Further Reading

Stanton has been emphasizing the prevalence of natural recovery from addiction since his 1975 Love and Addiction, and ever since.

The Stanton Peele Addiction Website, June 26, 2015.

Stanton Peele and Natural Recovery

Natural recovery is the most common outcome of addiction, as Stanton has been showing for four decades, while being roundly ignored.  Here is a listing of his many efforts to expose the best kept secret in the addiction field.

  1. From the beginning, I have never accepted that addiction (alcoholism) is a disease, and I have always referenced the typicality of natural recovery as the opposite point of view.  This begins with my theoretical work on addiction, including Love and Addiction (1975) and The Meaning of Addiction (1985)
  2. My alternative view of addiction has always focused on personal stories of natural recovery (e.g., Bing Crosby, Steve Martin, Drew Barrymore), and on epidemiological literature.  In L&A I used Charles Winick’s “Maturing Out of Narcotic Addiction” and the just-in Vietnam data.  In the alcohol field, I tuned into epi data – the Alcohol Research Group national surveys, NLAES, and NESARC – as well as theoreticians like Harold Mulford who recognized the natural recovery parabola. 
  3. I have divided my work into five areas to review my treatment of natural recovery: I. Theoretical books on the nature of addiction; II. Popular articles on addiction/alcoholism: III. Academic articles; IV. Self-help books; V.  Blog posts.  I also include an excerpt for my interview with Bill White

I. Books About Addiction

A. Love and Addiction (1975)
Love and Addiction was a self-help book, and theoretical treatise, on addiction, which assumed and asserted that people could overcome addictions without treatment.
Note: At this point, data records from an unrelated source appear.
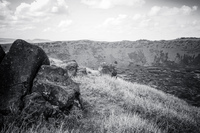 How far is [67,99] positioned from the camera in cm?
406

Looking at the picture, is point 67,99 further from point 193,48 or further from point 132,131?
point 193,48

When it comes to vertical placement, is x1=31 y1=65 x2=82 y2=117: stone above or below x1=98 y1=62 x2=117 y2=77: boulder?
above

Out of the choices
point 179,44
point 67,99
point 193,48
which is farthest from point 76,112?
point 179,44

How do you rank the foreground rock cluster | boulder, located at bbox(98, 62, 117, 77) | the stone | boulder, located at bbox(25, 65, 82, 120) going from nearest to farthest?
the foreground rock cluster, boulder, located at bbox(25, 65, 82, 120), the stone, boulder, located at bbox(98, 62, 117, 77)

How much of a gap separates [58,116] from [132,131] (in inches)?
87.6

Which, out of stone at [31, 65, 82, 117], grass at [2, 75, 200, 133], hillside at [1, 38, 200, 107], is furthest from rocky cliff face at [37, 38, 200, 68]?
stone at [31, 65, 82, 117]

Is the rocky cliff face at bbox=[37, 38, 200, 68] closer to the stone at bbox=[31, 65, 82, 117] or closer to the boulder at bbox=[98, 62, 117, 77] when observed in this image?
the boulder at bbox=[98, 62, 117, 77]

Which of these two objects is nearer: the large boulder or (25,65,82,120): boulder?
the large boulder

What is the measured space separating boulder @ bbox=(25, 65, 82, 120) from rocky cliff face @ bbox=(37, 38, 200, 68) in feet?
98.6

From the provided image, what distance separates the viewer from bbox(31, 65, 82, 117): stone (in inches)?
156

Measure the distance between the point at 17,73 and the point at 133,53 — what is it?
4609 centimetres

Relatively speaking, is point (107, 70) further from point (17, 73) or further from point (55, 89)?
point (17, 73)

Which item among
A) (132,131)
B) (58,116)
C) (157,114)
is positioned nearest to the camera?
(132,131)

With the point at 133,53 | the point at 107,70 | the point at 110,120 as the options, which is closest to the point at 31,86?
the point at 110,120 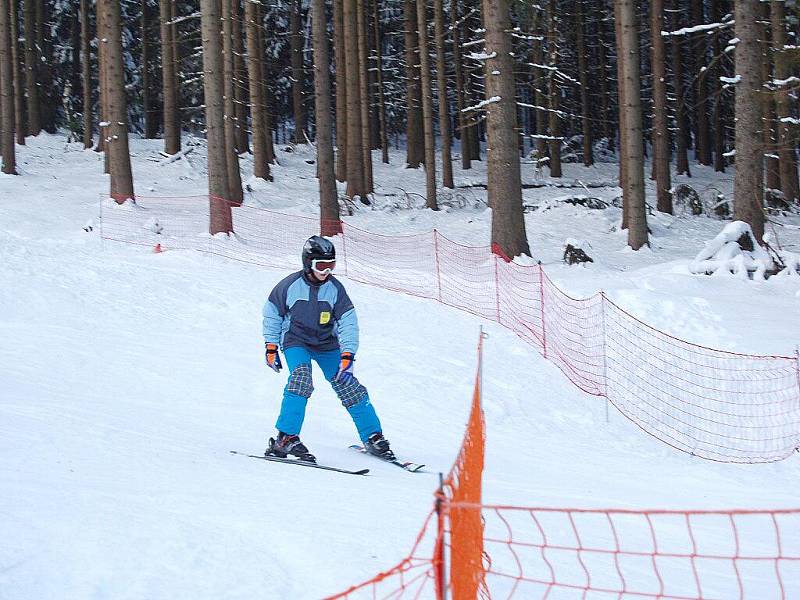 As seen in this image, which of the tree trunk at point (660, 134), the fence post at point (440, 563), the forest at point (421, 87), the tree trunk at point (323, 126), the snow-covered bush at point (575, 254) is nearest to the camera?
the fence post at point (440, 563)

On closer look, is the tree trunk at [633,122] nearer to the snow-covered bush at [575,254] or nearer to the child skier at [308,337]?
the snow-covered bush at [575,254]

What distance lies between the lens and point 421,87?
3030cm

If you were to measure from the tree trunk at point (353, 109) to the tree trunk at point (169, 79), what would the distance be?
5.40 metres

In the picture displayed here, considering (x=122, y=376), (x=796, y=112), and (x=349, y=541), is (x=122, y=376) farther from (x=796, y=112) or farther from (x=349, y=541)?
(x=796, y=112)

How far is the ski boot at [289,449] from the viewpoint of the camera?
21.1ft

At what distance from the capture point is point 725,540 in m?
5.73

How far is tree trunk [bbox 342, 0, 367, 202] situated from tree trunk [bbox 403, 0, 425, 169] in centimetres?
298

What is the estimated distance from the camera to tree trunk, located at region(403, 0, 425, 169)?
93.2 feet

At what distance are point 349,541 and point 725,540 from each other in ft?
8.93

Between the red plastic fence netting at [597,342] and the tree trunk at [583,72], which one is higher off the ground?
the tree trunk at [583,72]

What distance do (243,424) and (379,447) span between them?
1.59 metres

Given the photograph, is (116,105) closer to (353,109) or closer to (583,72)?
(353,109)

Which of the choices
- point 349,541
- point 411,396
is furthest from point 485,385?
point 349,541

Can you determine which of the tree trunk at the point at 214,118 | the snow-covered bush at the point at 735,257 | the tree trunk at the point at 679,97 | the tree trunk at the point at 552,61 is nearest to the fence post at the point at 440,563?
A: the snow-covered bush at the point at 735,257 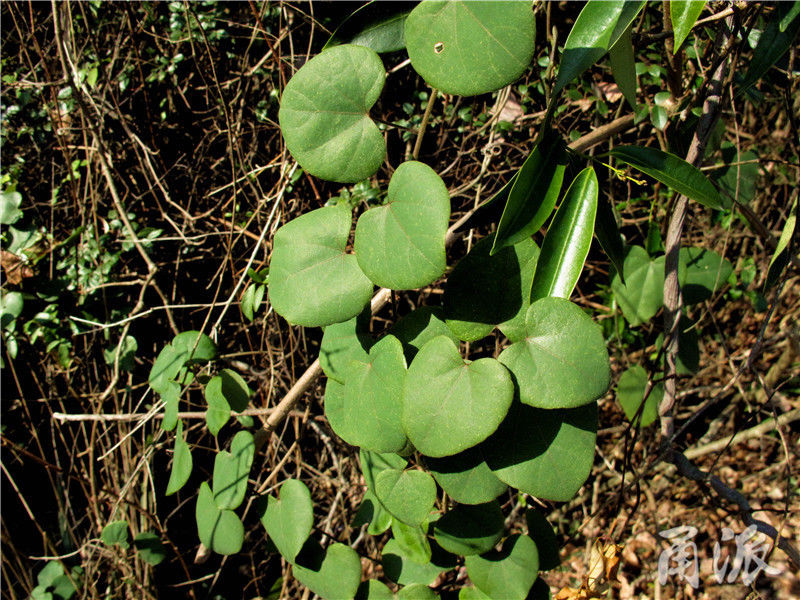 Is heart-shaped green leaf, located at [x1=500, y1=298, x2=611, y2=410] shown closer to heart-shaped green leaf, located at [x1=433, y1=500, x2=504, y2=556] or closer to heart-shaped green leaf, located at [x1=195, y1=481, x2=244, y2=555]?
heart-shaped green leaf, located at [x1=433, y1=500, x2=504, y2=556]

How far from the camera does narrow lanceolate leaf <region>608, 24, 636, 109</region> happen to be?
2.33 feet

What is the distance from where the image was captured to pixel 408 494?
0.89m

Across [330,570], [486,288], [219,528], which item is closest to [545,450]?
[486,288]

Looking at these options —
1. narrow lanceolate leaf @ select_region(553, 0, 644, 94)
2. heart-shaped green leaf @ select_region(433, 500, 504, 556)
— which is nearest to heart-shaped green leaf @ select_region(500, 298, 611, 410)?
narrow lanceolate leaf @ select_region(553, 0, 644, 94)

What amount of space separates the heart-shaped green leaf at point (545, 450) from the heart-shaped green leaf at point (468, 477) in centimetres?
4

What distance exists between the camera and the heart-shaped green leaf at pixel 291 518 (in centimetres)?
103

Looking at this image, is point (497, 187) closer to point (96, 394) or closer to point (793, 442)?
point (793, 442)

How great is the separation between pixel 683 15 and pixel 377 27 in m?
0.39

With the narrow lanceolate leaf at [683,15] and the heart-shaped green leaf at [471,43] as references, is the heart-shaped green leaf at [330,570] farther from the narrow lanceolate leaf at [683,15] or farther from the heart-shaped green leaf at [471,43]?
the narrow lanceolate leaf at [683,15]

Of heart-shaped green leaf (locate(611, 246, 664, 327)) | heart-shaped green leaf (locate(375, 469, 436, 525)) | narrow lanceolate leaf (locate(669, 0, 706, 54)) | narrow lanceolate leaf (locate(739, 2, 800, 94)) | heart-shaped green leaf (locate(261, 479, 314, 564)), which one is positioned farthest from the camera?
heart-shaped green leaf (locate(611, 246, 664, 327))

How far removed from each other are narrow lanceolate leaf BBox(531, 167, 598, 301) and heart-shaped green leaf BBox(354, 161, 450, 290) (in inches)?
6.5

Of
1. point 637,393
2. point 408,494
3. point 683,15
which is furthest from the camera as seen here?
point 637,393

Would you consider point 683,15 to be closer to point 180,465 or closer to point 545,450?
point 545,450

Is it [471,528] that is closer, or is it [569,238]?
[569,238] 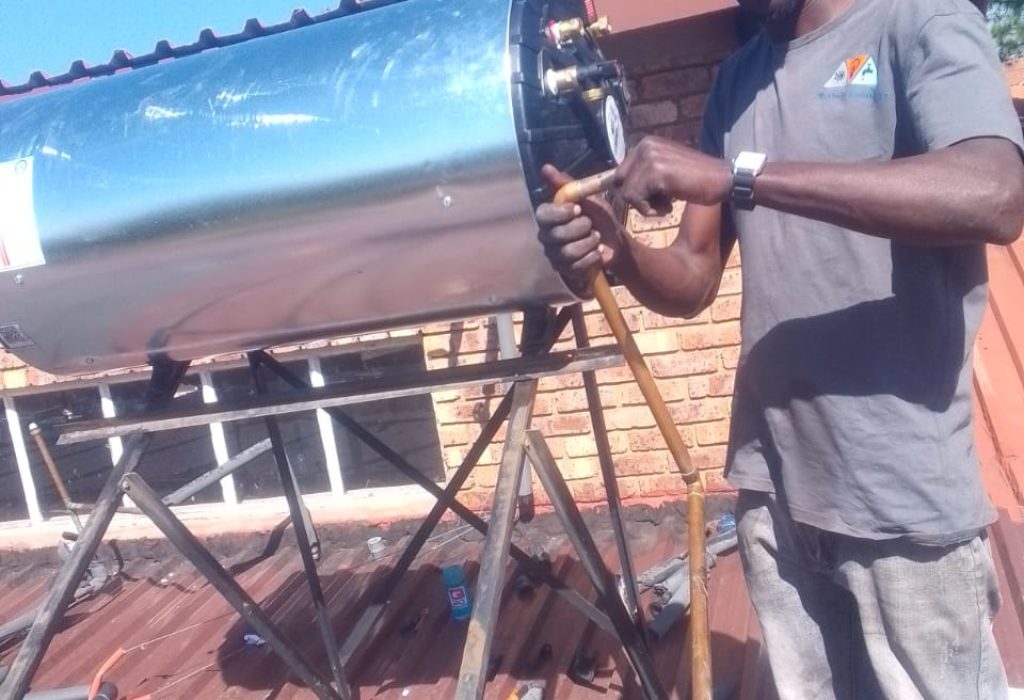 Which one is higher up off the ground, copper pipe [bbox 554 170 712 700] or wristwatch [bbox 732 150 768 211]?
wristwatch [bbox 732 150 768 211]

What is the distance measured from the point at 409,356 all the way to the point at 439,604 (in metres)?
1.16

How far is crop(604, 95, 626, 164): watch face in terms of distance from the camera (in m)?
1.82

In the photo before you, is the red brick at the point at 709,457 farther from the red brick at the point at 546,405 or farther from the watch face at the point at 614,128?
the watch face at the point at 614,128

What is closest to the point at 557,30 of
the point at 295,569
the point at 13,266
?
the point at 13,266

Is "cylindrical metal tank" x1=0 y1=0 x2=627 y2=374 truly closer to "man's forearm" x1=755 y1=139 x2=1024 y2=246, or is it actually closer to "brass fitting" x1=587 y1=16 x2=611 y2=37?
"brass fitting" x1=587 y1=16 x2=611 y2=37

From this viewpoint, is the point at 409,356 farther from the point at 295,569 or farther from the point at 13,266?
the point at 13,266

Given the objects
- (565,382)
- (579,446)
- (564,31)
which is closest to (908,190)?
(564,31)

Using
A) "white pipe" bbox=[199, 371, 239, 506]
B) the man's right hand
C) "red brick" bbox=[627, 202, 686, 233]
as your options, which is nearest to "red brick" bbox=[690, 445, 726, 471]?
"red brick" bbox=[627, 202, 686, 233]

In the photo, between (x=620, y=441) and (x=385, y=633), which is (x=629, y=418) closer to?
(x=620, y=441)

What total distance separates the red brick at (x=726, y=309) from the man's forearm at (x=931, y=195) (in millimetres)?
2117

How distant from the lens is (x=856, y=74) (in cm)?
155

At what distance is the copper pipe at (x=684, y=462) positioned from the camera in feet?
5.50

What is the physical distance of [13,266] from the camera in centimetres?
203

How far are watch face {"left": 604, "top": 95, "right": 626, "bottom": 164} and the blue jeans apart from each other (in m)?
0.79
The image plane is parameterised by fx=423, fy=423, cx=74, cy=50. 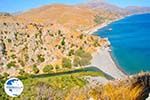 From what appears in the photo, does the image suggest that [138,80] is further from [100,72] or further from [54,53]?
[54,53]

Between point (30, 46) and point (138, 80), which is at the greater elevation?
point (138, 80)

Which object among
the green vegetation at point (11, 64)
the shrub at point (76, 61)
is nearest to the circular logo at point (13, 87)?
the green vegetation at point (11, 64)

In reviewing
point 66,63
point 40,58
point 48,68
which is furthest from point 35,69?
point 40,58

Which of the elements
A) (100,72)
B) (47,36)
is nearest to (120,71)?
(100,72)

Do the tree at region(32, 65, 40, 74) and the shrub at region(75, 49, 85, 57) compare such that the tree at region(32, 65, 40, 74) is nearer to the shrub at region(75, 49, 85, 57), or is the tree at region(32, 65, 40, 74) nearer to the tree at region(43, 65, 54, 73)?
the tree at region(43, 65, 54, 73)

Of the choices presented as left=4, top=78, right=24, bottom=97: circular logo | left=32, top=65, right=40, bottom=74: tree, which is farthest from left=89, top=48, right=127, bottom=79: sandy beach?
left=4, top=78, right=24, bottom=97: circular logo

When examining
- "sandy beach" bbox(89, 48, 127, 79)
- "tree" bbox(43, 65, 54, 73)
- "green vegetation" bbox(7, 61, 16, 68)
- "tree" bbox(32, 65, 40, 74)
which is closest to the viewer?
"sandy beach" bbox(89, 48, 127, 79)

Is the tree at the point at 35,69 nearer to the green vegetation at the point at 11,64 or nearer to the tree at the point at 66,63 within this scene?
the green vegetation at the point at 11,64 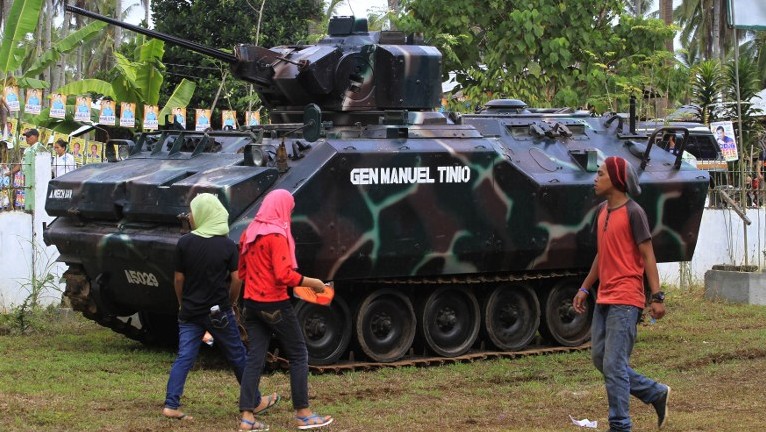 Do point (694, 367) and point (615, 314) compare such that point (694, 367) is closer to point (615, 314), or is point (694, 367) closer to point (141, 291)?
point (615, 314)

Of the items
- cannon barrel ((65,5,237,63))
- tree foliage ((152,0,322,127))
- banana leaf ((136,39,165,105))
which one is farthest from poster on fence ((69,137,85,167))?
tree foliage ((152,0,322,127))

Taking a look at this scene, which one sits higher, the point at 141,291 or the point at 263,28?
the point at 263,28

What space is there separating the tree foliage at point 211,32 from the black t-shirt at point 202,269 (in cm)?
1713

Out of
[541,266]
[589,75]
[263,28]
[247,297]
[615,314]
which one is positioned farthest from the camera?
[263,28]

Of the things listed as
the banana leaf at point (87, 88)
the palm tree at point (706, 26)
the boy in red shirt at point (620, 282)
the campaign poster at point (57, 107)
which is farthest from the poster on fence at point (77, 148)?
the palm tree at point (706, 26)

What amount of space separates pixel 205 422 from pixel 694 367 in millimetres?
4786

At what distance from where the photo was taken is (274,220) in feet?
29.8

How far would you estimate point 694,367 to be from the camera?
1205cm

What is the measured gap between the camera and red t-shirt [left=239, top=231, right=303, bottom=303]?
899 cm

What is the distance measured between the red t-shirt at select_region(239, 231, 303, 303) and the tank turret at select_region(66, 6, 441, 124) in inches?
166

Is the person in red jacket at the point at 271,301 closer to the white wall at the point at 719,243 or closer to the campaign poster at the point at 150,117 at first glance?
the campaign poster at the point at 150,117

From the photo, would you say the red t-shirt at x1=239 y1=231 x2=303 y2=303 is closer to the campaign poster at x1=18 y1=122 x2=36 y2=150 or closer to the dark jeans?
the dark jeans

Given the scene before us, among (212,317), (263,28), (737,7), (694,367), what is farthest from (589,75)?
(212,317)

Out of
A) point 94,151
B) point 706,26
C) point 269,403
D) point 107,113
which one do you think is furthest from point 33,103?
point 706,26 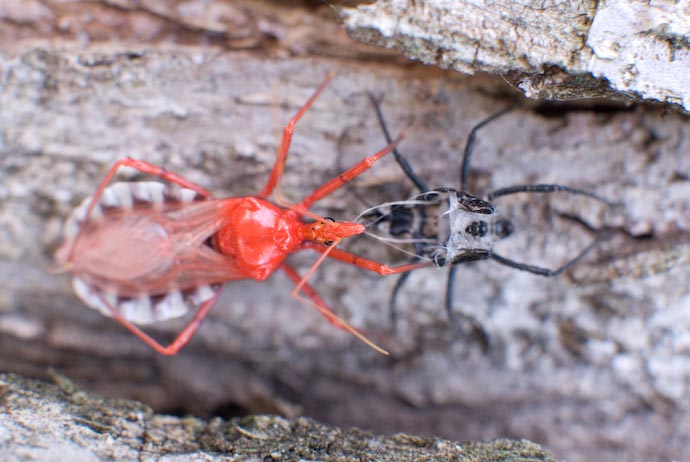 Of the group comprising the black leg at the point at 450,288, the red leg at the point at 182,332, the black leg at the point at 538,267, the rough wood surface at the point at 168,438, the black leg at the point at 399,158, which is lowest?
the rough wood surface at the point at 168,438

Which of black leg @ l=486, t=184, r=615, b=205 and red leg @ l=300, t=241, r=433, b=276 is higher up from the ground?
black leg @ l=486, t=184, r=615, b=205

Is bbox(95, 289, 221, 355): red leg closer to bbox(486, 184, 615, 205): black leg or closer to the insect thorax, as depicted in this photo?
the insect thorax

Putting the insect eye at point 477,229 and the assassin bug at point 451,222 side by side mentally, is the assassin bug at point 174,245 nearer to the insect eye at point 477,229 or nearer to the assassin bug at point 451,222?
the assassin bug at point 451,222

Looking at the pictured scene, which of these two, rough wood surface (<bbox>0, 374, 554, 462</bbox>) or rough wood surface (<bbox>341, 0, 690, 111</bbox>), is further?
rough wood surface (<bbox>341, 0, 690, 111</bbox>)

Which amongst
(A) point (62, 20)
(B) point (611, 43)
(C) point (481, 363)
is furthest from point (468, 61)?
(A) point (62, 20)

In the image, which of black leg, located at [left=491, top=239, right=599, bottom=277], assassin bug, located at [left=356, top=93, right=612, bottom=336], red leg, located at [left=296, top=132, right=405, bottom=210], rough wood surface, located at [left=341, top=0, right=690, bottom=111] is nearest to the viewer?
rough wood surface, located at [left=341, top=0, right=690, bottom=111]

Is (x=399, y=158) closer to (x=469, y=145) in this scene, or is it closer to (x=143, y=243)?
(x=469, y=145)

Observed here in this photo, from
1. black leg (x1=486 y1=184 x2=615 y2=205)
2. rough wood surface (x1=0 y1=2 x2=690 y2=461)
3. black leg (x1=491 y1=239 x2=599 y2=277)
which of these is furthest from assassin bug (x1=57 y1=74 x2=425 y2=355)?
black leg (x1=486 y1=184 x2=615 y2=205)

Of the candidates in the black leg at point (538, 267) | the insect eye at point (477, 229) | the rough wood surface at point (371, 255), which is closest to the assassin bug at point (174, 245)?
the rough wood surface at point (371, 255) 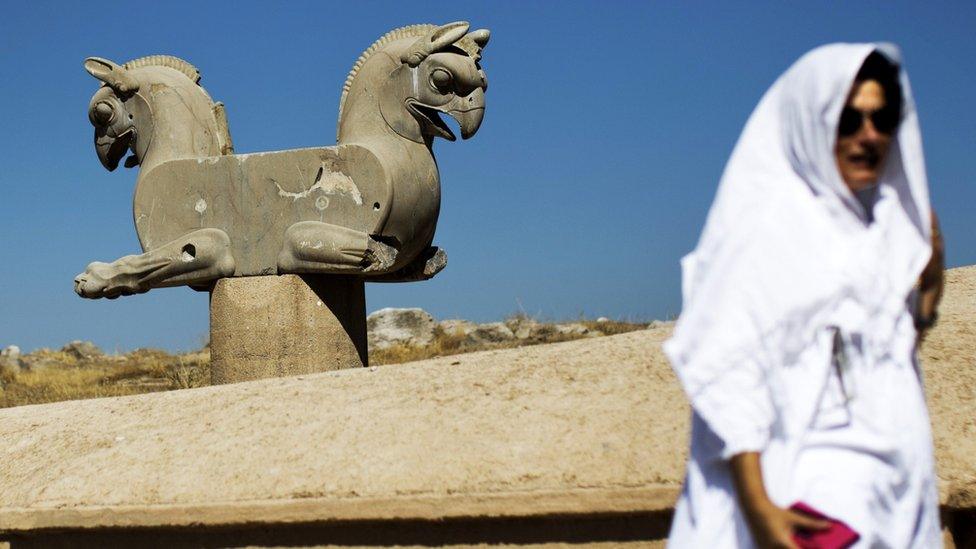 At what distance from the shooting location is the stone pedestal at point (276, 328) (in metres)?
7.55

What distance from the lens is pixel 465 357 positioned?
16.8ft

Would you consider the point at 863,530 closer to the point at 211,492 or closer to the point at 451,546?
the point at 451,546

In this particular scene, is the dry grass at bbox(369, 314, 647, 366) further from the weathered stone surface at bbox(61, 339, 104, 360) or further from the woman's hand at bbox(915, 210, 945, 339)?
the woman's hand at bbox(915, 210, 945, 339)

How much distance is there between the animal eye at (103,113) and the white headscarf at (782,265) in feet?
23.3

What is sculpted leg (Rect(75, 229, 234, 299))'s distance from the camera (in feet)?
25.3

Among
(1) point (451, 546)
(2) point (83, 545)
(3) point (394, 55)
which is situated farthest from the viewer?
(3) point (394, 55)

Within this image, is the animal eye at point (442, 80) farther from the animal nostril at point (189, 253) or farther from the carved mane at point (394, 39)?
the animal nostril at point (189, 253)

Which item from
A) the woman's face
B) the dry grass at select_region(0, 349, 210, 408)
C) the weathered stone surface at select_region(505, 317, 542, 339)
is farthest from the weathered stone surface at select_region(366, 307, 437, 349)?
the woman's face

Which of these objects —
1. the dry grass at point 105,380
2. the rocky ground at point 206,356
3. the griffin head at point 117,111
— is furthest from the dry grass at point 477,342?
the griffin head at point 117,111

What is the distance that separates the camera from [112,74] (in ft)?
27.3

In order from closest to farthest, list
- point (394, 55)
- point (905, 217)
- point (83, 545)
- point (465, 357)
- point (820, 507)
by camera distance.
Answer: point (820, 507), point (905, 217), point (83, 545), point (465, 357), point (394, 55)

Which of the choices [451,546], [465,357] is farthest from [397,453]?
[465,357]

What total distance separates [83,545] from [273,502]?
91 centimetres

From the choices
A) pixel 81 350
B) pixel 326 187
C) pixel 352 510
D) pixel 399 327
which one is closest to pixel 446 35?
pixel 326 187
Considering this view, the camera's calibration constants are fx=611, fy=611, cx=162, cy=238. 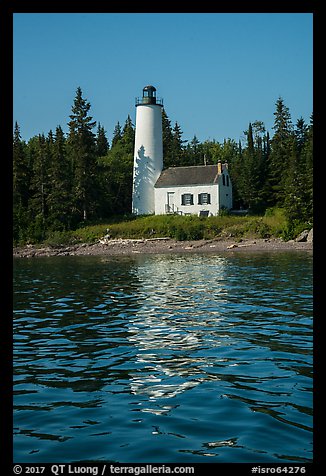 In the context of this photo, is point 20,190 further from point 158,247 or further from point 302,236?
point 302,236

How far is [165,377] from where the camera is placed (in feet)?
34.8

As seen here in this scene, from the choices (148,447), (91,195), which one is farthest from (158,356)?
(91,195)

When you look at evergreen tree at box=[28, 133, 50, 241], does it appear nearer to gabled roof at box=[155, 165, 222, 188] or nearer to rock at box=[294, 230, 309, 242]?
gabled roof at box=[155, 165, 222, 188]

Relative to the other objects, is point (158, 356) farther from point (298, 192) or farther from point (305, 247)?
point (298, 192)

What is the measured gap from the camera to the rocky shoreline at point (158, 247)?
49.3 meters

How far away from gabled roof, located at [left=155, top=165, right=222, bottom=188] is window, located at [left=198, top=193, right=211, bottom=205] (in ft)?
4.11

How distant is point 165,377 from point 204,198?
5504 centimetres

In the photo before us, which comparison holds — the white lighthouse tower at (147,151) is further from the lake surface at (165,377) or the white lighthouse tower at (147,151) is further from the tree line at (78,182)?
the lake surface at (165,377)

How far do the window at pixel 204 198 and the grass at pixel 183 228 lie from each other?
9.54 ft

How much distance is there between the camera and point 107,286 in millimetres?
26516

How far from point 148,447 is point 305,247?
136 ft

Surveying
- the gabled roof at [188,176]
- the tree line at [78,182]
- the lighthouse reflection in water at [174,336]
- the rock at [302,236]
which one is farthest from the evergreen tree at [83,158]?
the lighthouse reflection in water at [174,336]

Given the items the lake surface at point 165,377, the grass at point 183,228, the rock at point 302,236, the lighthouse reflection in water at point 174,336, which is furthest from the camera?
the grass at point 183,228

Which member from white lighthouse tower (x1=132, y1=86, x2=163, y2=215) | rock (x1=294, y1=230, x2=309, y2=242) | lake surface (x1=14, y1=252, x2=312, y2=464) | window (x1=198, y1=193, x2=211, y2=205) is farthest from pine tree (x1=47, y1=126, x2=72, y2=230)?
lake surface (x1=14, y1=252, x2=312, y2=464)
Chapter 2 in L&A is titled, "What Addiction Is, and What It Has to Do with Drugs"

Among my main evidentiary points, the Vietnam results were just becoming evident then, which I focused on back in 1975. My first point in my list is this:

  1. Vietnam veterans, hospital patients. After it became known that perhaps one-fourth of all American soldiers in Vietnam were using heroin, there was widespread concern that returning veterans would trigger an epidemic of addiction in the United States. Nothing of the sort happened. Jerome Jaffe, the physician who headed the Government’s rehabilitation program for drug-dependent veterans, explained why in an article in Psychology Today entitled “As Far as Heroin Is Concerned, the Worst Is Over.” Dr. Jaffe found that most of the G.I.s used heroin in response to the unbearable conditions they faced in Vietnam. As they prepared to return to America, where they would be able to resume their normal lives, they withdrew from the drug with little difficulty and apparently showed no further interest in it. Dr. Richard S. Wilbur, then Assistant Secretary of Defense for Health and Environment, said that this conclusion to the heroin experience in Vietnam amazed him, and caused him to revise the notions about addiction that he had learned in medical school, where he “was taught that anyone who ever tried heroin was instantly, totally, and perpetually hooked.”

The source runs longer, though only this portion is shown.